▶ [Problem details]
Please print exactly the lines from the line containing "Por qué en España" through the end of the data, no more, and keep pictures out of the copy.

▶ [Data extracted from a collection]
*** Block opens ***
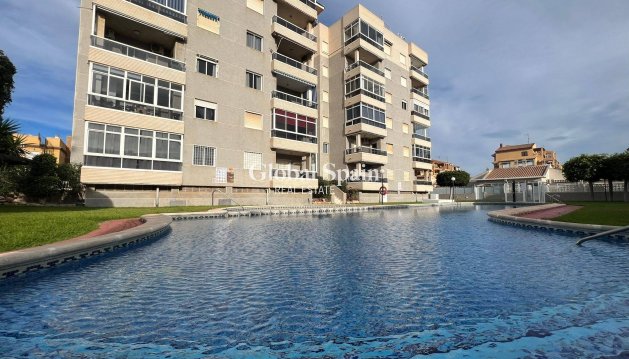 APPARTEMENT - Revente - TORREVIEJA -
                Aguas Nuevas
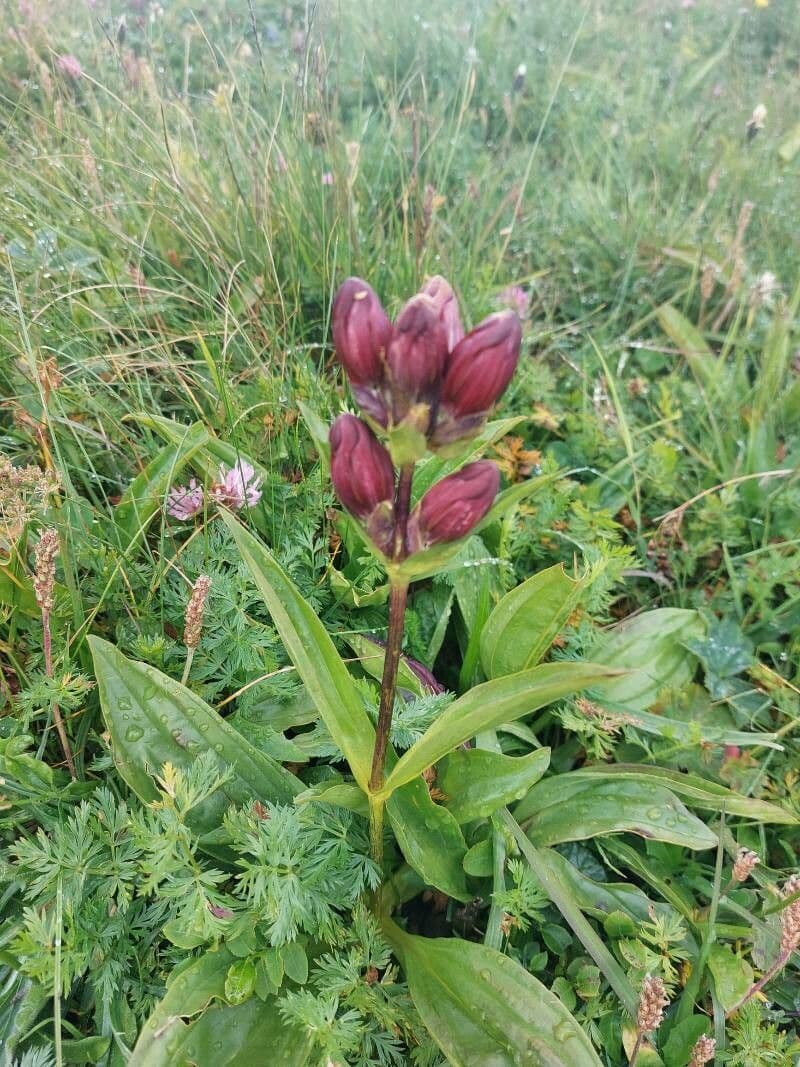 Gentiana purpurea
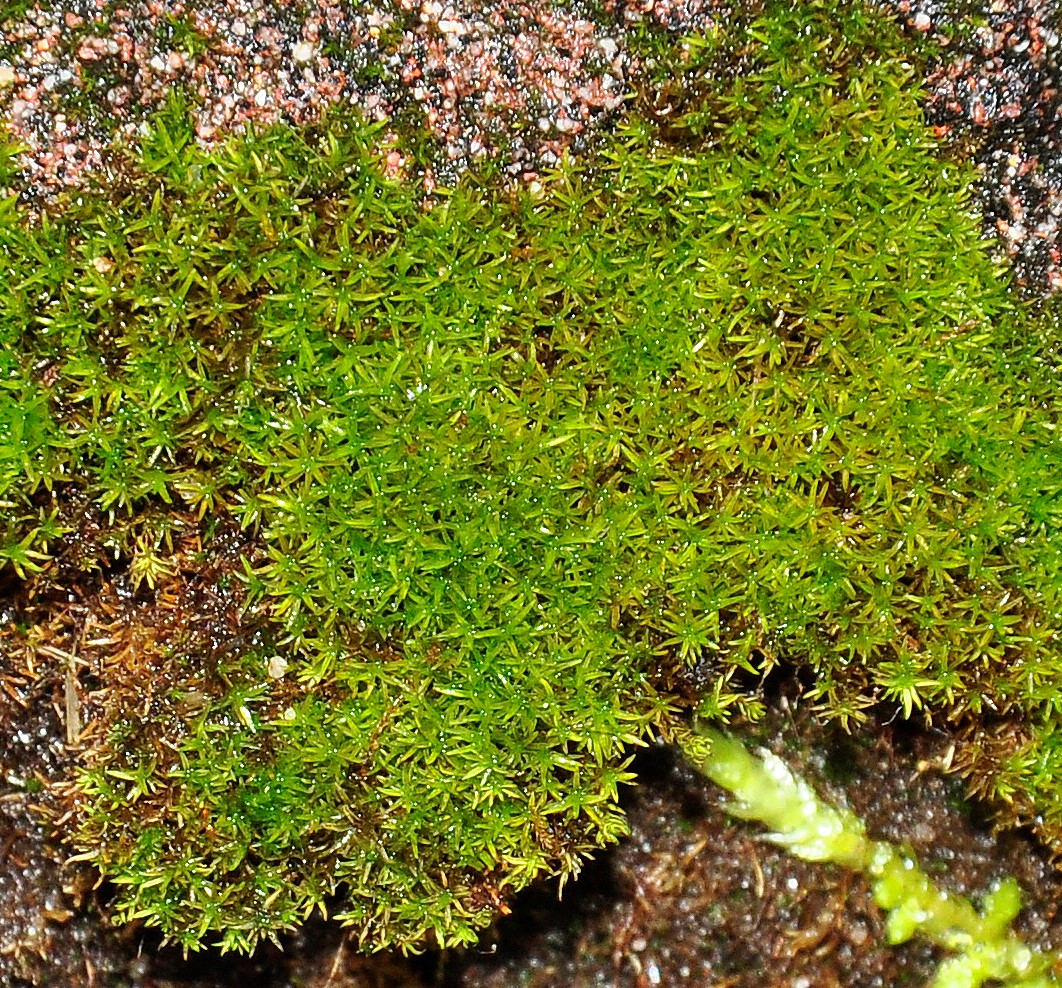 Gymnostomum aeruginosum (door Piet Kokke)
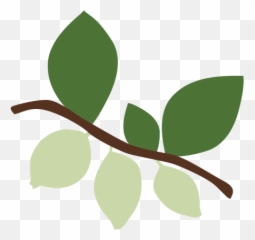 Our Natural Formulas - Id Swiss Botanicals Twig Emoji,Aha Emoji Images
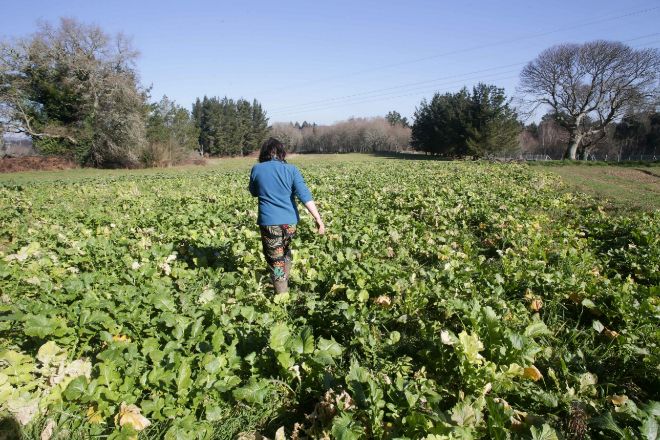 Por qué en España se trabajan cada vez menos horas pese a la recuperación del empleo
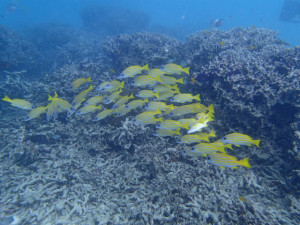 沖縄 ダイビング 真栄田岬 FUNダイビング 体験ダイビング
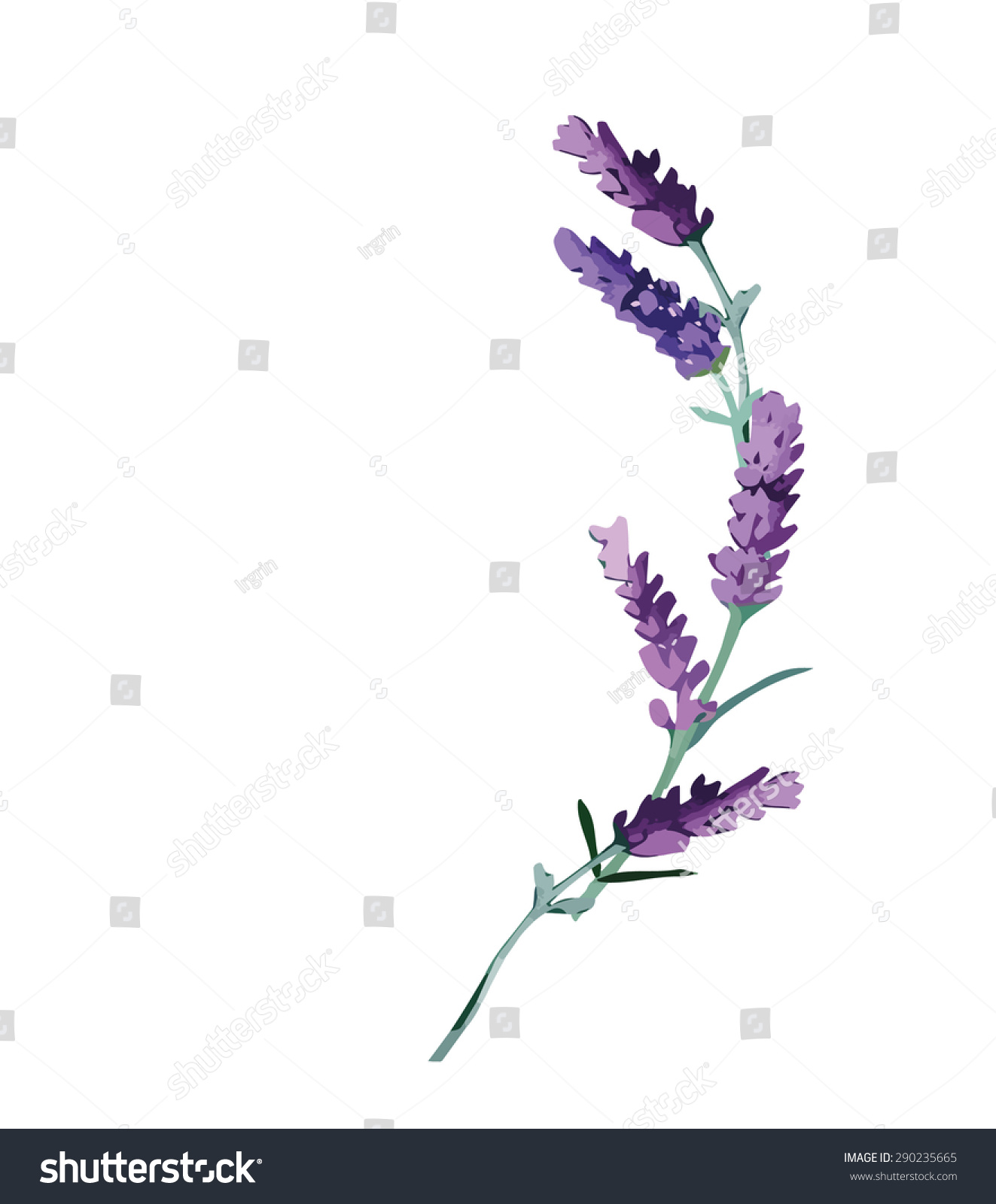 Lavender Flower Stock Vector 290235665 - Shutterstock
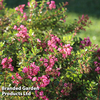 Escallonia 
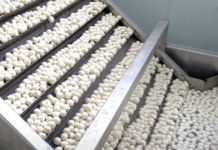 Vietnam’s Affordable Superfood Sweeps Asia and Europe: Surging Past $200 Million in Sales as Thailand and South Korea Race to Secure Supplies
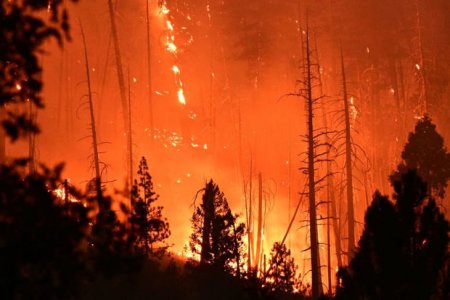 Около 30 000 человек эвакуировали в Калифорнии из-за лесного пожара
*** Block closes ***
▶ [Response to this task]
 Por qué en España se trabajan cada vez menos horas pese a la recuperación del empleo
 沖縄 ダイビング 真栄田岬 FUNダイビング 体験ダイビング
 Lavender Flower Stock Vector 290235665 - Shutterstock
 Escallonia 
 Vietnam’s Affordable Superfood Sweeps Asia and Europe: Surging Past $200 Million in Sales as Thailand and South Korea Race to Secure Supplies
 Около 30 000 человек эвакуировали в Калифорнии из-за лесного пожара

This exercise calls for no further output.